Review of Basal [12k1014]

Haunted Ink (US)

I knew nothing about Sogar when I first started listening to this disk, so I checked out 12k’s excellent web site. This is what I found: “Born in Nürenberg, living in Paris, Sogar’s Jürgen Heckel manipulates accidental sound into gentle and brittle melodic textures with arrangements using guitars as well as mixing desks, amplifiers and cables as instruments.” It’s important to note that guitars, amps, and cables are all referred to here as “instruments.” This is absolutely the correct term, for what is an instrument but a device that generates sound? Notice that I don’t use the word “music,” but sound. Sound is a natural phenomenon, and can take any shape; music is a human construct, and it can take only certain set, prearranged shapes. As the blurb goes on to say, Basal was created out of “nonmusical” sounds (static, glitches, rustling electrical surges) culled from these instruments; the sounds were then sequenced and manipulated digitally by computer software. It is, consequently, impossible to tell the origin of any particular sound – to tell which sound comes from a guitar, which from a mixing desk, which from an amplifier, or which from cables. When the sounds are all processed together on the computer, they blend, fuse with one another, and become something quite different – something, in fact, that is far more “musical” than anything created out of aberrant sparks has the right to be.

I focus here on the process of creating this disk not because I have any particular “secret knowledge” into the creation of Basal but because music like this foregrounds process – pushes the act of creating music out into the open by focusing attention on the noises that most music tries to hide, thereby exposing music itself as a created thing. However, what’s interesting about this work (as opposed to some other works in the “glitch” micro-genre) is the unusual way this music actually transcends its base origins. What I hear on this disk is the work of an artist who is trying, like a Zen gardener, to prune and order a chaotic sea of sound into something beautiful and interesting. The third track, “Ker75,” for example, starts out with a series of undulating, prodding hisses that swivel around and mutate but never lose their hiss; above and around these hisses, snatches of static and digital noise pierce through the haze. Then one of the hisses turns into a simple, elegant melody, rising up and around the noise. Then some of the digital noises glisten down into a steady, soft pattern. It’s as if the song begins as chaos. Then slowly, one piece at a time, the chaotic elements are culled, cropped, or otherwise “tamed.” Of course, “tamed” here is a relative term, for the sounds never escape the category of “glitch” or even “noise.” It’s just that, amidst the chaos of these sounds, a musical idea somehow takes shape and is given definition, at least for a little while.

Errol Morris, the director of such documentaries as The Thin Blue Line and Mr. Death, made an interesting film a few years back called Fast, Cheap, and Out-of-Control. The film told the stories of four people: a lion tamer, a topiary gardener, a biologist who studied the naked mole rat, and a robot designer. These individuals seemed to have nothing in common, but Morris’ documentary reveals that each of these people were trying to control, to order, or to otherwise understand the vast chaos that is life. I hear the same thing going on in the tentative, unusual compositions on Sogar’s Basal. I see in this work the musical landscape carved out by others in the “glitch” or micromusical genre, but I also see the deep well of noise that exists beyond human defined musical categories. As I said earlier, “glitch” music foregrounds process; this work, however, foregrounds not simply the process of creating music but the process humans go through in determining what is and what isn’t music.
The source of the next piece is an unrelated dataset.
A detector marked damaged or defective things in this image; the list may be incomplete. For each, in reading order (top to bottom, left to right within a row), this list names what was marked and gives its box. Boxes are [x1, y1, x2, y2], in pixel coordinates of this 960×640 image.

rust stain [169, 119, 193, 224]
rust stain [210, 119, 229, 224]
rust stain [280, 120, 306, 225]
It’s an interesting work, to say the least. Not everyone will enjoy the droning, static aberrations (the raw data) that flow throughout these nine tracks, but the melodies (when they materialize) are worth hearing, and the work as a whole is worth investigating if you are, like me, interested not only in listening to music, but in considering the concepts which shape and define how we perceive and understand all sounds, not just music.